75% of Aboriginal people in Australia experience racism every day. This is one of the first statistics set forth in Down and Under, an investigative documentary that explores the history of racism in Australia; a history that began in 1788 when the British first came over to Australia and endures today as it exist in forms that go beyond hate speech and even physical attacks on Aboriginals. The unfortunate viral footage that was captured by vigilant citizens paints a picture of ironic xenophobia that isn't mutually exclusive when it comes to its aim at the Aboriginal people of Australia.

If the footage shown in the documentary is any indication, refugees from Africa, the Middle East, and China, as well as white people who count English as a second language, can be victims of racially motivated hate at any time, and it isn't just hoodlums on city buses who agree that blatant racism and objection to others is an appropriate way to deal with the perceived surplus of non-European immigrants.

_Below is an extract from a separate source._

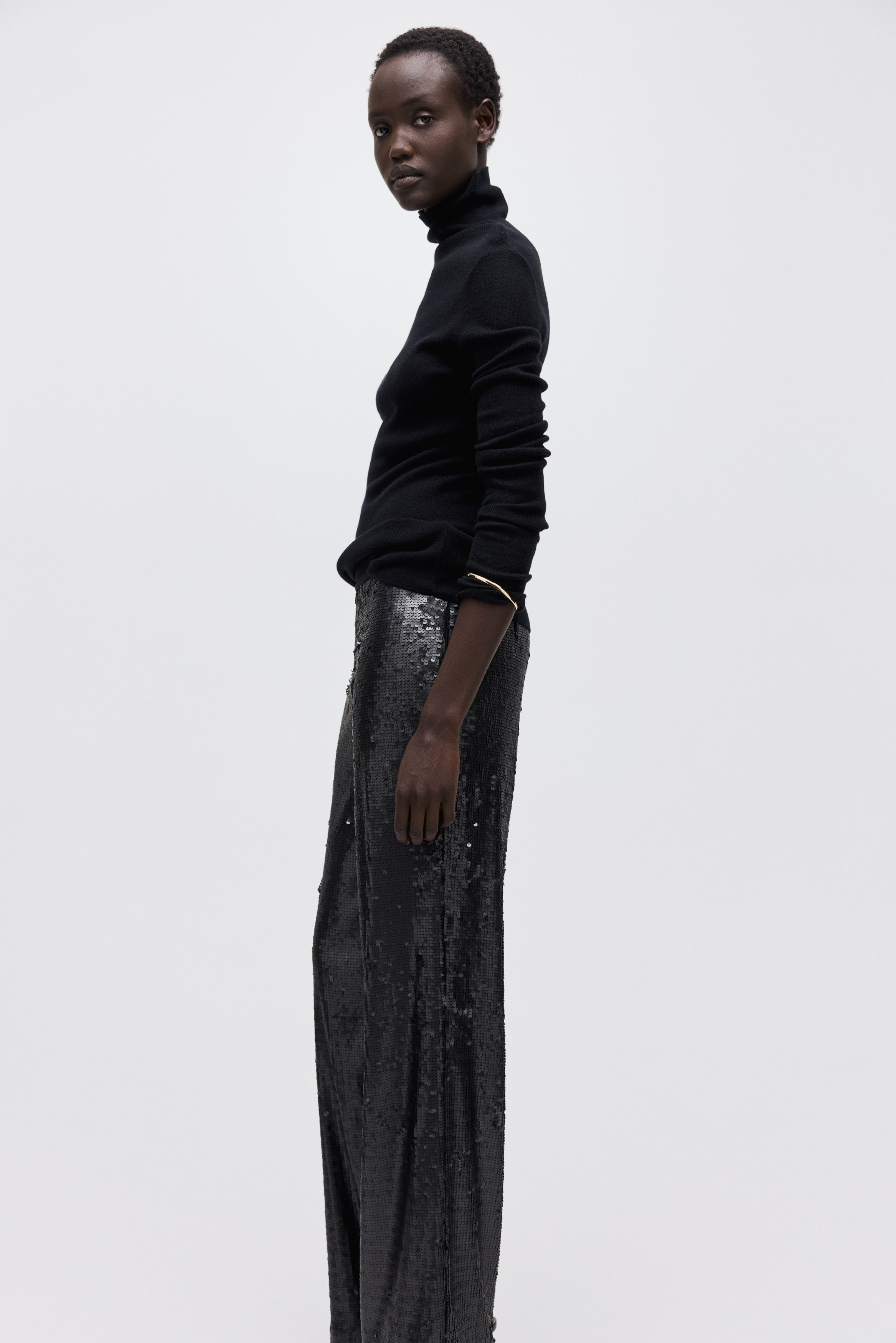 Sequined trousers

The historical problem of racism in Australia, a problem that now mirrors racism from all over the globe at many different points throughout history, from internment camps to southern segregation, is one that presents us with a lot to think about. You'll want to look into the policies mentioned in Down and Under after viewing, and you'll get a new understanding of the dangers behind ideals that present assimilation as a necessity, especially when assimilation becomes important enough to a nation that they would take a generation of children away from their parents in an effort to not only build up the new Australian ideal culture, but to strip the Native Australian people from their culture, identity, and even their family names.